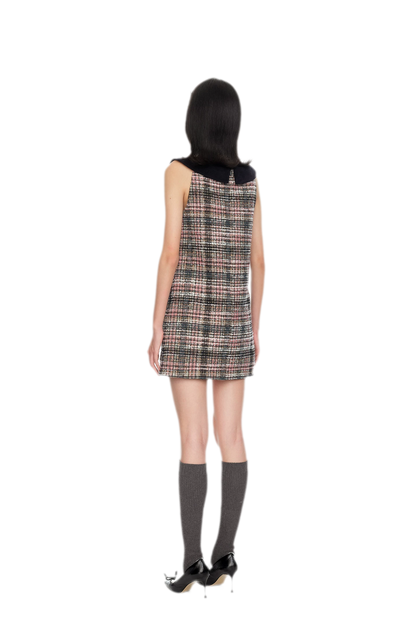 Plaid Tweed Bowknot A-Line Dress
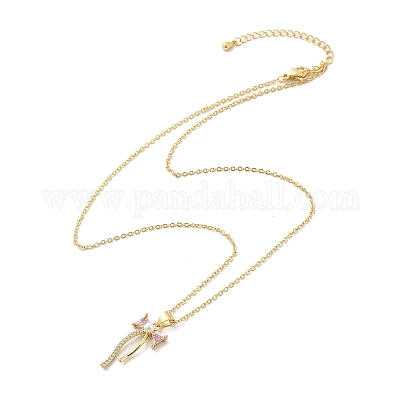 Ожерелье с кулоном из кубического циркония NJEW-S441-05G-1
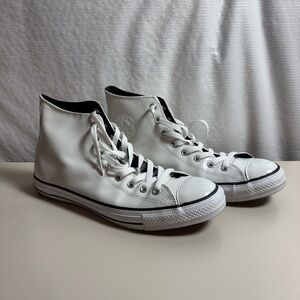 Converse Chuck Taylor All Star White High Top Leather Sneakers 111132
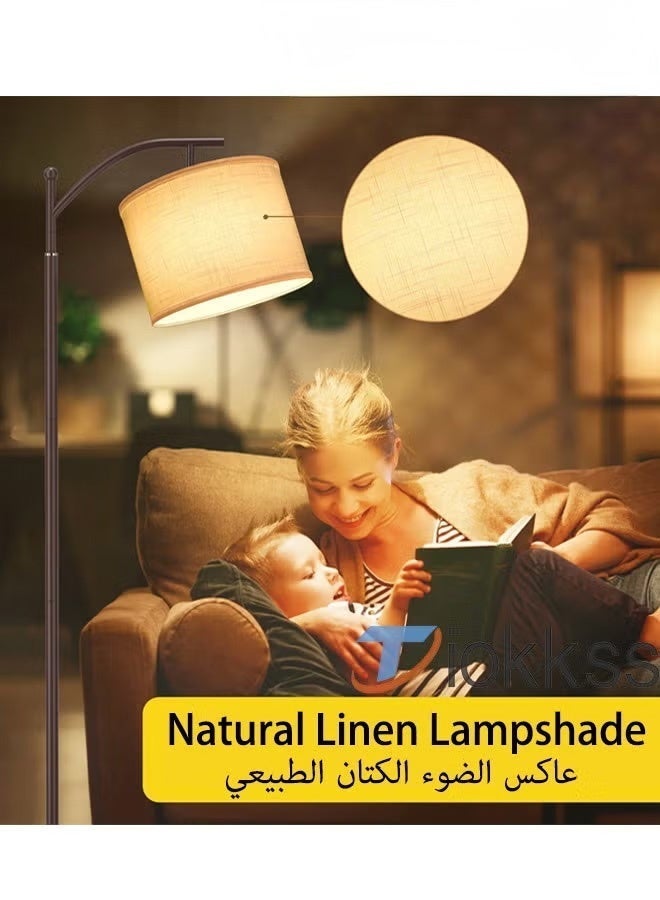 FUOE Floor Lamp with Remote Control 3 Color Temperatures, Long Lamp with Adjustable Linen Shade, Tall Lamps for Living Room Bedroom Office Classroom Dorm Room, 12W Bulb Included Metal Black 70 x 34 x 185 cm - Image 5
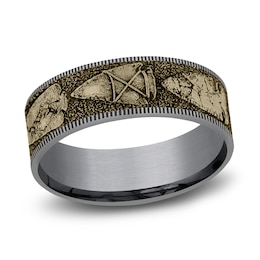 Men's Arrowhead Wedding Band Tantalum/14K Yellow Gold 7.5mm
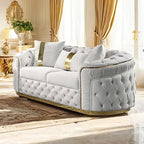 FM67002BG-SL 2 pc Adelpha beige fabric tufted / pleated accents with gold trim sofa and love seat set curved arms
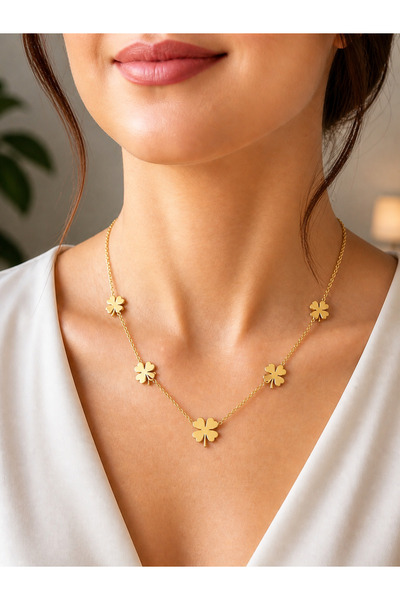 VEGALUXE Gold Renk Yoncalı Minimal Zarif Kolye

*To do:* Except for the pictures, set down all of the records exactly.

*Reply to the task:*
 Plaid Tweed Bowknot A-Line Dress
 Ожерелье с кулоном из кубического циркония NJEW-S441-05G-1
 Converse Chuck Taylor All Star White High Top Leather Sneakers 111132
 FUOE Floor Lamp with Remote Control 3 Color Temperatures, Long Lamp with Adjustable Linen Shade, Tall Lamps for Living Room Bedroom Office Classroom Dorm Room, 12W Bulb Included Metal Black 70 x 34 x 185 cm - Image 5
 Men's Arrowhead Wedding Band Tantalum/14K Yellow Gold 7.5mm
 FM67002BG-SL 2 pc Adelpha beige fabric tufted / pleated accents with gold trim sofa and love seat set curved arms
 VEGALUXE Gold Renk Yoncalı Minimal Zarif Kolye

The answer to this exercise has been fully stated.